Rita está en la sala de espera de un consultorio oftalmológico; la van a operar de cataratas. Y llega Blanca, es decir que llega la luz, pero la luz total, en todo su espectro; y ella, Blanca, la luz blanca, la presencia de todo el espectro cromático, no tiene ojos, tiene huecos, agujeros en cuyo fondo la niña besa las flores, los recuerdos echan raíces, sangra su deseo y está el sepulturero. Entonces los espectadores advertimos la metáfora: Rita, la que da y quita, ha decidido indagar en su propia persona y averiguar quién es. Es ella, la que da y quita, y también es Blanca, la conciencia omnisciente, esa que todos los seres humanos tenemos y que no nos permite mentirnos a nosotros mismos.
Blanca, la conciencia de Rita; Blanca, en cuyos ojos huecos (agujeros) Rita puede verse a sí misma desde la niñez hasta el momento final, cuando la espera el sepulturero; Blanca, la conciencia omnisciente de Rita es quien llega justamente al consultorio oftalmológico al que Rita ha ido "porque quiere ver".
Y en esa sala de espera se suceden innumerables peripecias que nos van permitiendo conocer a Rita: la devoción a la santa, su fe religiosa, el aborto, la soledad, el paso de los años, la decrepitud de la vejez.

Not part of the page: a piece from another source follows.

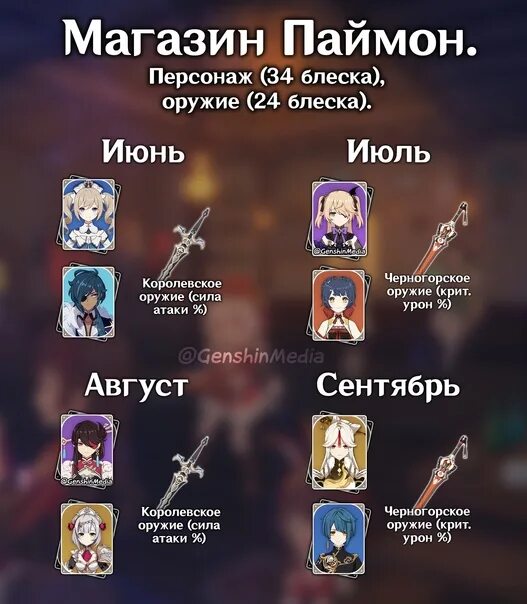 Обновление магазина паймон. Магазин паймон геншин. Клинок агента фатуи. Расписание магазина геншин. Магазин паймон персонажи.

Hasta aquí la obra de Laura Mannino, obra por cierto extremadamente densa y con una carga de desesperanza total, obra que no deja ninguna esperanza de salvación, de redención. Y esto llama, me llama poderosamente la atención considerando la juventud de la autora. Pero es tarea de la sociología estudiar las causas de esta desesperanza que he observado en otros trabajos que he visto este año.
Pero más allá del contenido, la obra en sí misma vale, y mucho, porque está muy bien escrita y su ilación se va dando de forma subliminal, lo que hace que los espectadores "entremos" a la historia sin darnos cuenta y formemos parte de la misma.
Las actuaciones de Daniela y Nancy son excelentes, y gracias a eso y a la alternancia rítmica que imprimió Martín desde la dirección, la atención de nosotros, los espectadores nunca decae. Daniela y Nancy pasan de la risa a la tragedia y nuevamente a la risa a un ritmo desopilante, e incluso en los momentos de silencios prolongados, con un gesto, un movimiento de mano o de pie, Daniela y Nancy establecen de un modo sublime y casi imperceptible la comunicación fáctica con el espectador.
A todos, dramaturga, actrices, director, asistente, músico y técnicos, gracias, muchas gracias por habernos ofrecido Umbral.